Tunisie : pourquoi la loi sur l’égalité en matière d’héritage suscite la polémique
Le député de l’Alliance Démocratique, Mehdi Ben Gharbia, a proposé début mai que la loi consacre l’égalité entre hommes et femmes en matière d’héritage. Un sujet sensible qui suscite la polémique. Décryptage.
Que dit le projet de loi ?
Début mai, un groupe de 27 élus, conduit par Mehdi Ben Ghrabia, suscite la controverse en présentant un projet de loi établissant une répartition équitable en matière successorale, sauf accord écrit au préalable. Cette initiative prend en compte l’évolution de la société mais en application de la Constitution de 2014 et des chartes et conventions internationales ratifiées par la Tunisie.

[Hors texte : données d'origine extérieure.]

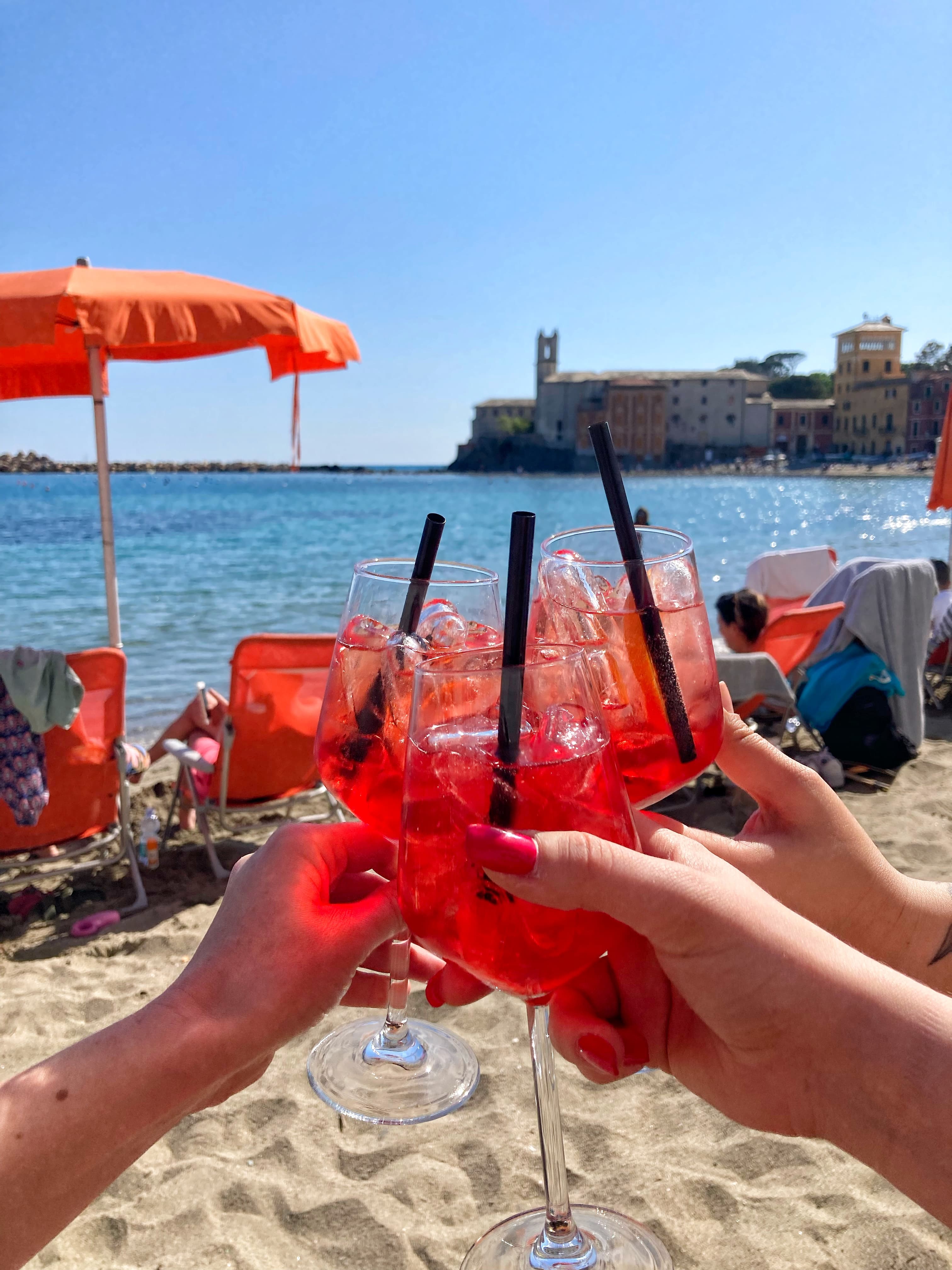 Hands holding red drinks together in a cheers position with a beach scene in the background on a sunny day.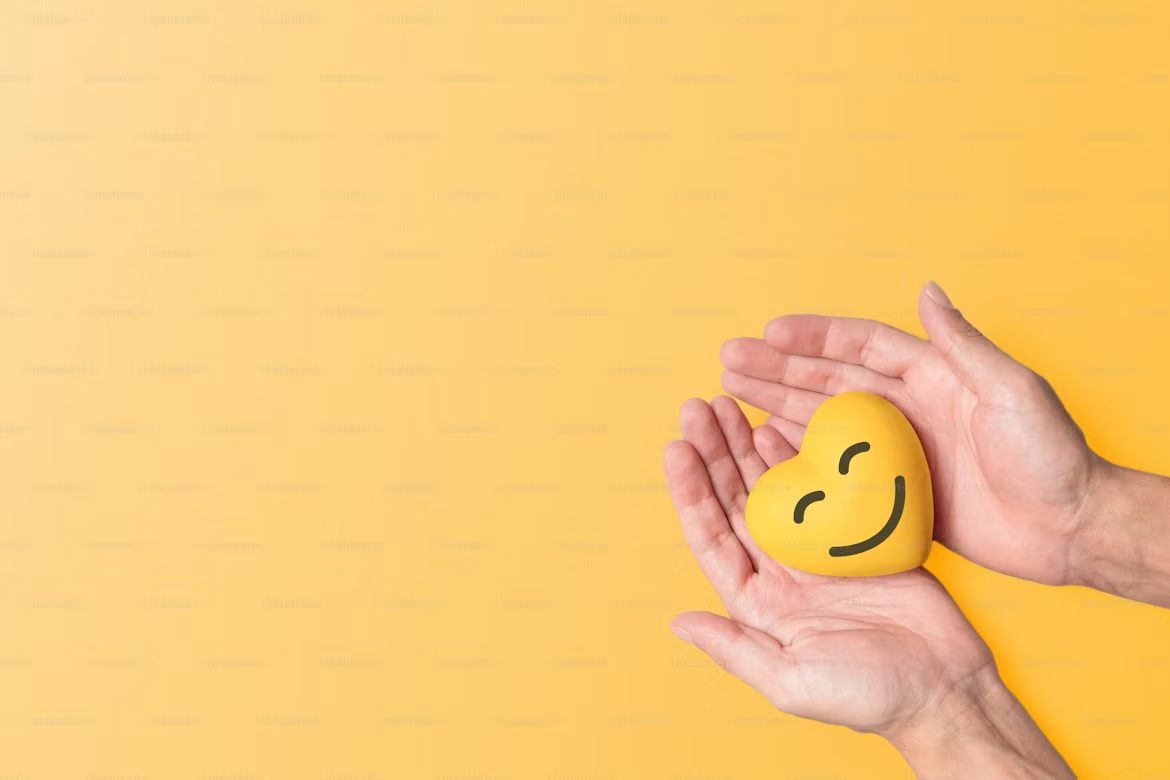 Hands holding a smiling yellow heart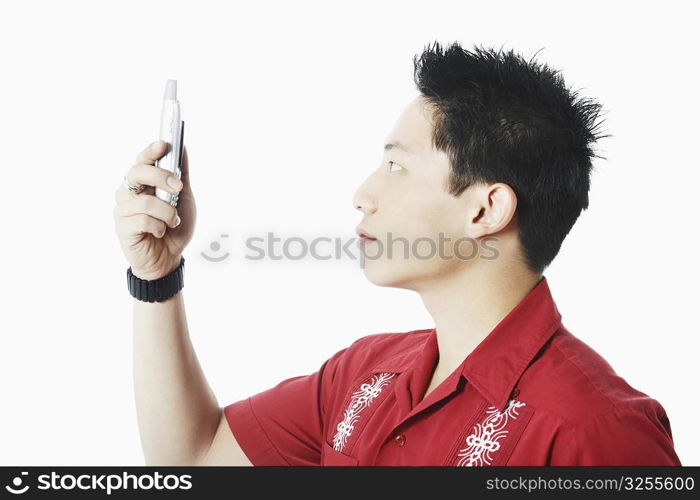 Side profile of a young man holding a mobile phone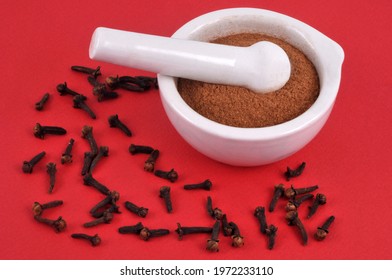 Powdered Clove Mortar With Pestle With Whole Cloves Close Up On Red Background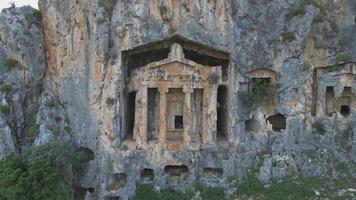 Ancient Lycian rock tomb carved into cliffs near Dalyan video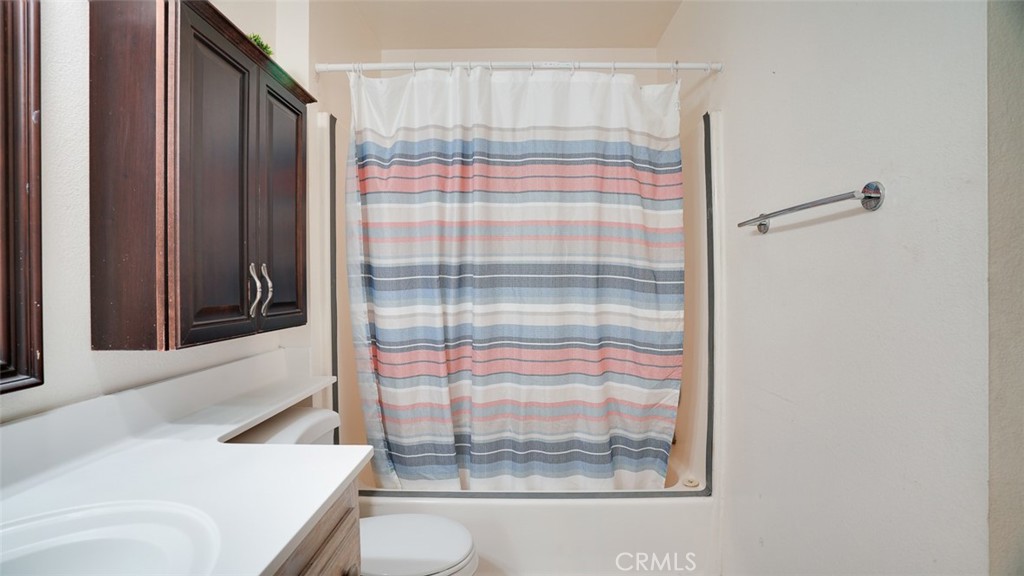 833 Cinnamon Lane, Unit 4 Duarte, CA 91010 - Photo 20 of 34 a bathroom with a sink and a shower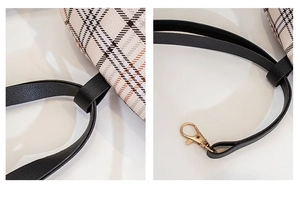 Close-up of beige plaid fabric stitching and gold lobster clasp on small backpack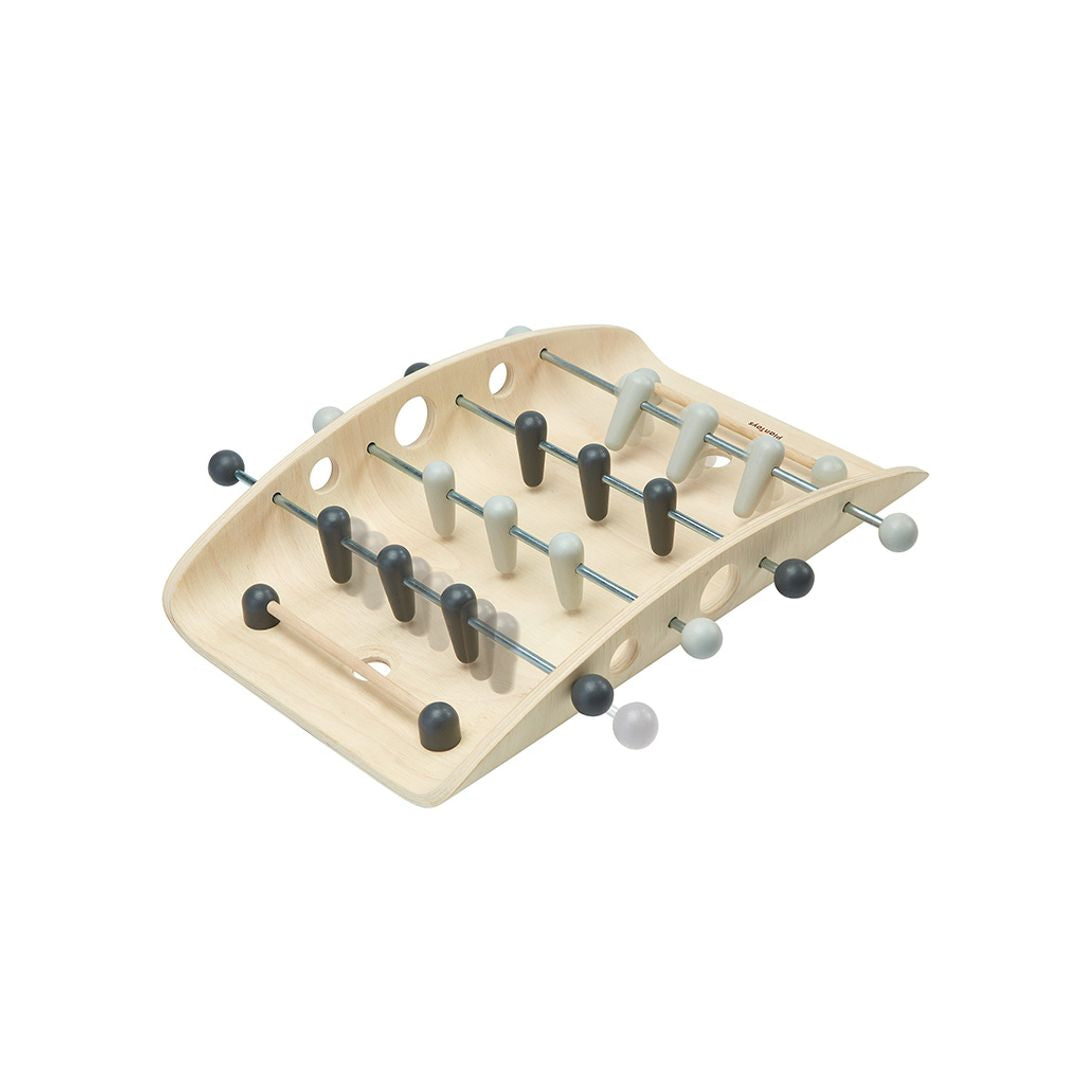 Angled view of the non-toxic PlanToys wooden soccer toy showing its unique ball-returning curved design.
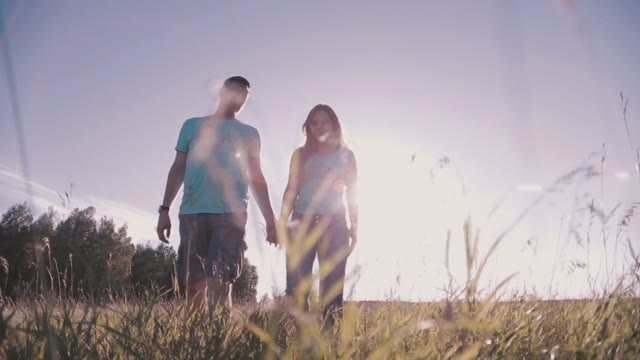 Couple Holding Hands And Walking On The Grass In A Meadow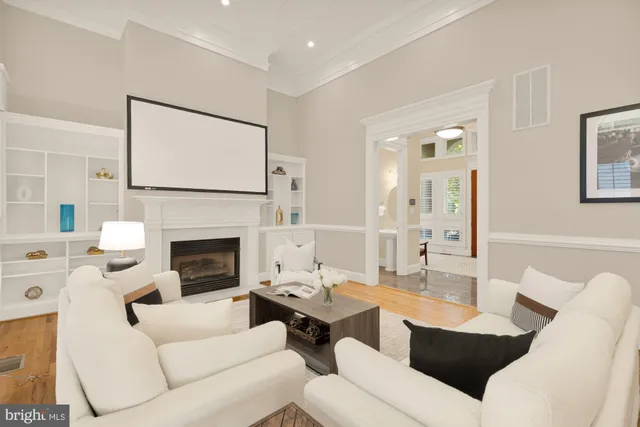 a living room with furniture a fireplace and a flat screen tv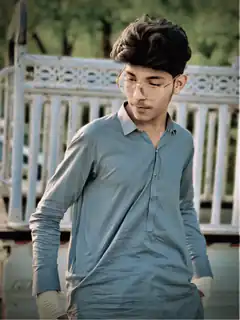 Young man in blue kurta and glasses
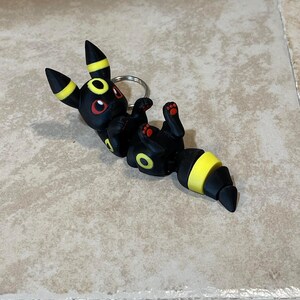 Puede incluir: Llavero Eevee negro y amarillo con ojos rojos. El llavero est&aacute; hecho de pl&aacute;stico y est&aacute; en una pose juguetona.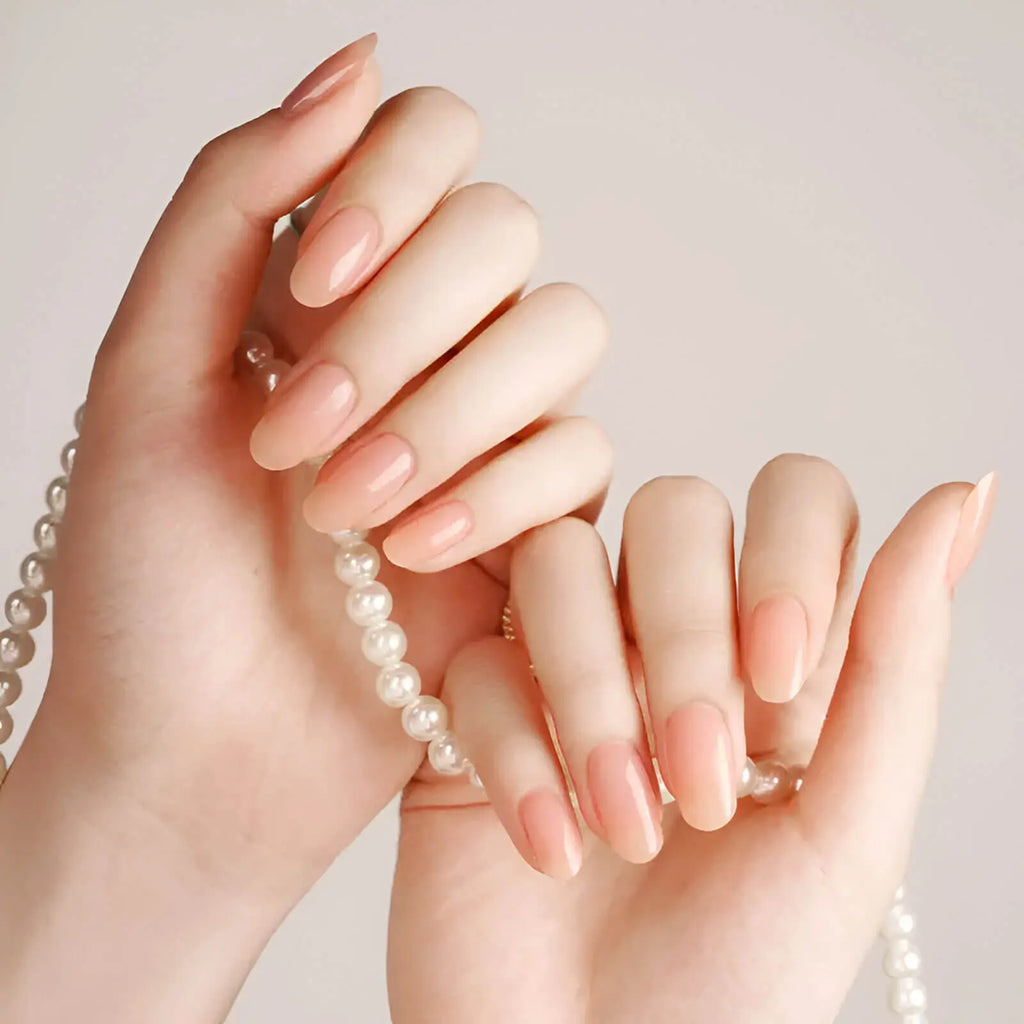 Natural nude gel nail strips on two hands, glossy short nails in a nude tone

« C’est une ‘loi facultative’ car les héritiers sont libres de l’appliquer ou pas. Nous pensons que les textes sacrés s’adaptent à toutes les époques. Nous nous basons sur l’égalité entre hommes et femmes énoncée dans la Constitution. Nous proposons aujourd’hui cette loi qui n’est pas selon nous, en contradiction avec l’islam mais au contraire en parfaite symbiose avec les textes», a déclaré Mehdi Ben Gharbia à Shems FM.
Le projet de loi permettrait aux familles de gérer les successions selon leurs vœux. Ce que finalement beaucoup, dans les milieux aisés, font déjà par des donations du vivant. Pour les promoteurs de cette initiative, il s’agit d’établir une équité pour les femmes des milieux démunis et rurales en se basant sur « l’ijtihad », un devoir de réflexion et d’interprétation des textes de l’islam.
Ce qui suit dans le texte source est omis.